-------- Data extract --------
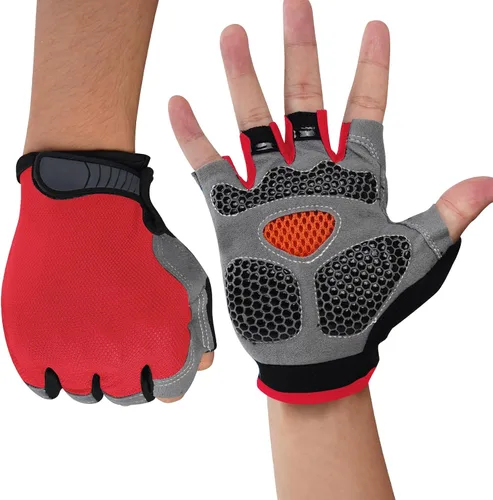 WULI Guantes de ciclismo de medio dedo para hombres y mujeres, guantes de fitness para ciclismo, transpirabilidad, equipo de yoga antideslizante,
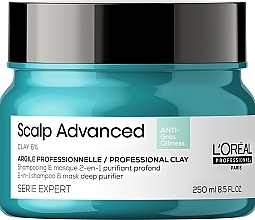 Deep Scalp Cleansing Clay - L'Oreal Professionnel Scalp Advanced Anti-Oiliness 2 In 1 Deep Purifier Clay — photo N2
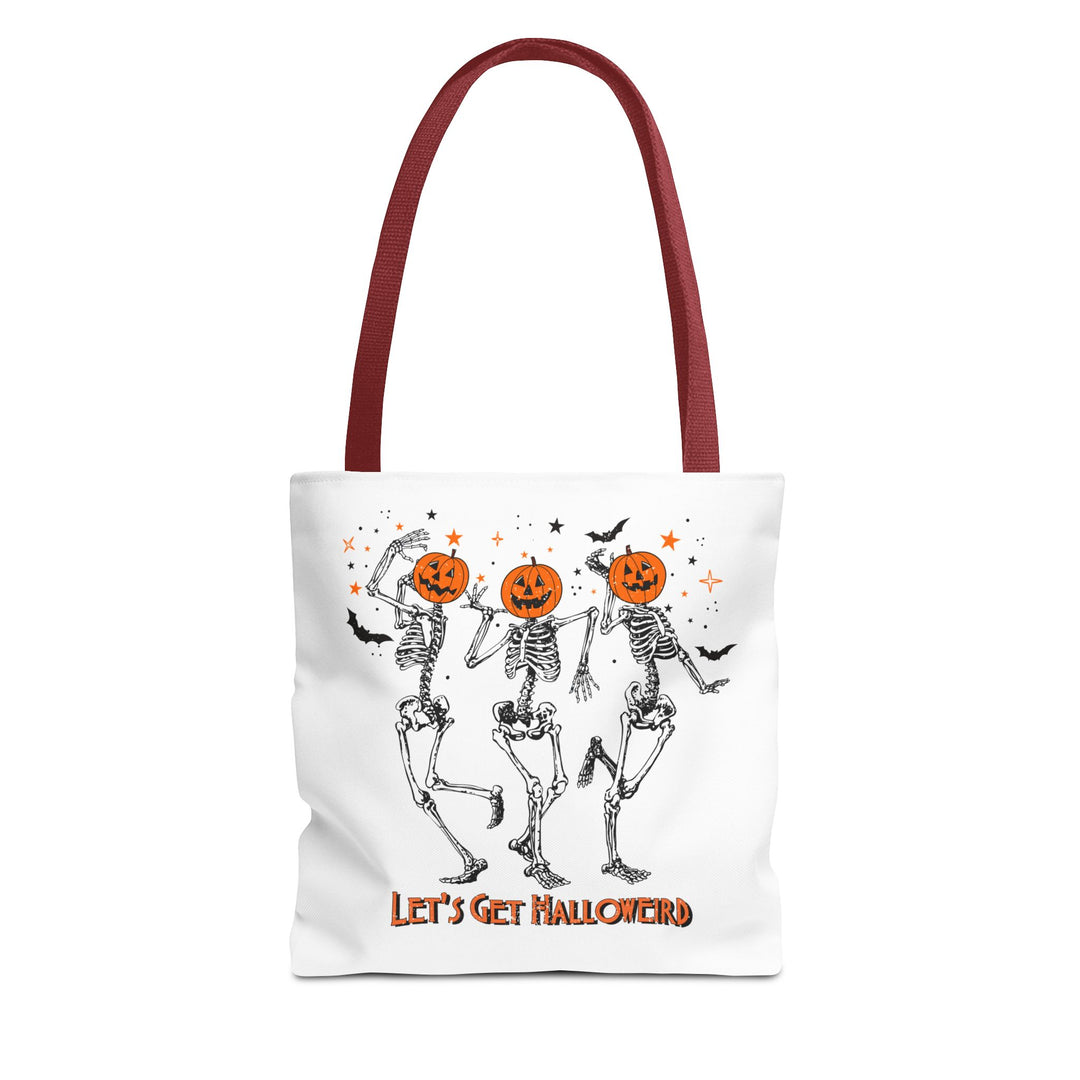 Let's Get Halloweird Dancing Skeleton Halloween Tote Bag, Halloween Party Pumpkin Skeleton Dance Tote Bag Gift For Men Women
--------
> [The task] Once the images are set aside, retype all of the material above exactly.

> [Reply to the exercise]
 WULI Guantes de ciclismo de medio dedo para hombres y mujeres, guantes de fitness para ciclismo, transpirabilidad, equipo de yoga antideslizante,
 Deep Scalp Cleansing Clay - L'Oreal Professionnel Scalp Advanced Anti-Oiliness 2 In 1 Deep Purifier Clay — photo N2
 Let's Get Halloweird Dancing Skeleton Halloween Tote Bag, Halloween Party Pumpkin Skeleton Dance Tote Bag Gift For Men Women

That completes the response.